Senior Data Engineer

Tarrytown, NY
Sep 17, 2019
Required Education
Bachelors Degree
Position Type
Full time
The Regeneron Genetics Center (RGC) is a wholly-owned subsidiary of the Company, whose goals are to apply large scale human genetics to identify new drug targets and to guide the development of therapeutics programs and precision medicine. Building upon Regeneron's strengths in mouse genetics and genetics-driven drug discovery and development, the RGC specializes in ultra-high-throughput exome sequencing, large scale informatics and data analysis encompassing genomics and electronic health records, and translating genetic discoveries into new biology and drug discovery opportunities. The RGC leverages multiple approaches including large population based studies, Mendelian genetics and family based studies, founder population genetics, and large-scale disease focused projects and has developed a network of over 50 collaborations with research organizations around the world. Including some of the largest sequencing studies in the world, such as the DiscovEHR study in collaboration with Geisinger Health System, and an initiative to sequence 500,000 participants with the UK Biobank, the RGC has built one of the largest human genetics databases, including sequence data from over several hundred thousand participants and rapidly growing. Our interests encompass a breadth of different areas across all therapeutic areas and the RGC is highly integrated into all facets of research and development at Regeneron. Program goals include target discovery, indication discovery, and patient-disease stratification. Objectives include advancing basic science around the world through public sharing of discoveries, providing clinically-valuable insights to physicians and providers of collaborating health-care systems, improving patient outcomes, and identifying novel targets for drug development.

The RGC's Genome Informatics team leads the primary and secondary analysis of more than 500,000 samples a year, including production pipelines, cloud-compute infrastructure, and sequencing and variant quality control. Working closely with other RGC teams, our extensive genomics R&D portfolio supports multi-omics applications (RNA, long reads), unprecedented-scale variant calling, disease association studies, and loci-specific analyses that directly impact cutting-edge drug development.
The Senior Production Engineer will lead the innovation, design and development of the RGC's production genomics compute infrastructure. Under the direction of the GI-Prod Director, this role will apply the latest hardware, software and cloud technologies to innovative solutions in genomics data structuring, distributed compute workflows, and unprecedented scale data manipulation and mining.

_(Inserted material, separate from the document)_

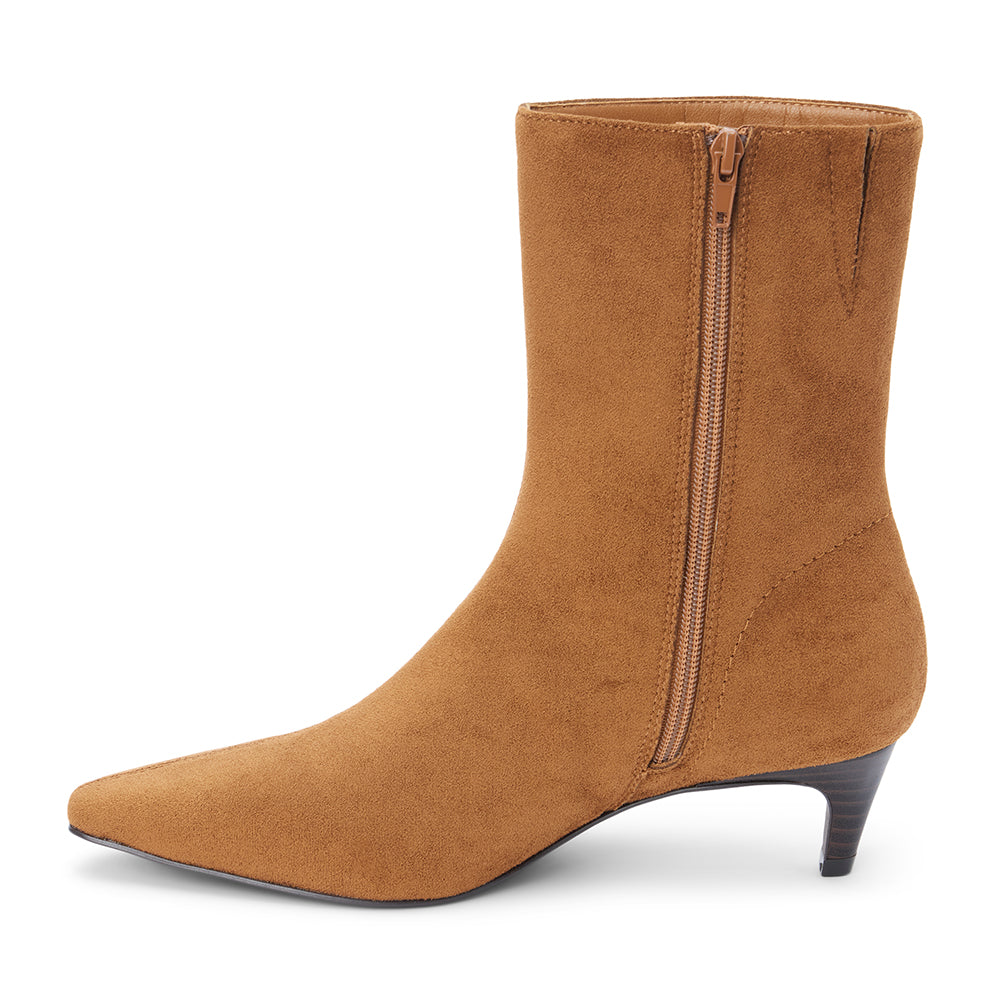 Esther ankle boot Saddle | Matisse Footwear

• Optimize production workflows and architecture

• Working with GI-Prod leads, innovate ultra-large scale variant freeze process (QC and joint-genotyping)

• Work closely with RGC Data Engineering to integrate production with distributed compute environment

• Develop tools for GI-Prod and RGC users to facilitate at-scale, at-speed genomics (e.g. QC, variant calling, multi-omics)

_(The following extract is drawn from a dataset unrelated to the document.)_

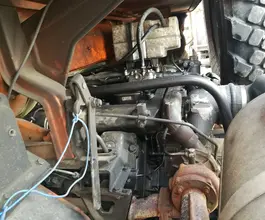 Тягач Седельный тягач Камаз 44108 2010 года б/у фото 4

• Lead GI-Prod software development best practices (version control, code repositories)

• Extend R&D work of GI-Prod to scalable, distributable software (CNV detection, RNA-seq)


• Bachelors in Computer Science or similar & 5+ years

• Unix, Python (or similar)

• Code repositories (GitHub, Sourceforge, Bitbucket)

• Cloud Platform (AWS, GCP)

• Standard bioinformatics tools (Samtools, BCFtools, VCFtools, BWA, GATK, Picard, BEDtools, PLINK)

• Genomics data formats and analysis

• Distributed compute platforms

This is an opportunity to join our select team that is already leading the way in the Pharmaceutical/Biotech industry. Apply today and learn more about Regeneron's unwavering commitment to combining good science & good business.

To all agencies: Please, no phone calls or emails to any employee of Regeneron about this opening. All resumes submitted by search firms/employment agencies to any employee at Regeneron via-email, the internet or in any form and/or method will be deemed the sole property of Regeneron, unless such search firms/employment agencies were engaged by Regeneron for this position and a valid agreement with Regeneron is in place. In the event a candidate who was submitted outside of the Regeneron agency engagement process is hired, no fee or payment of any kind will be paid.

Regeneron is an equal opportunity employer and all qualified applicants will receive consideration for employment without regard to race, color, religion, sex, national origin, sexual orientation, gender identity, disability status, protected veteran status, or any other characteristic protected by law.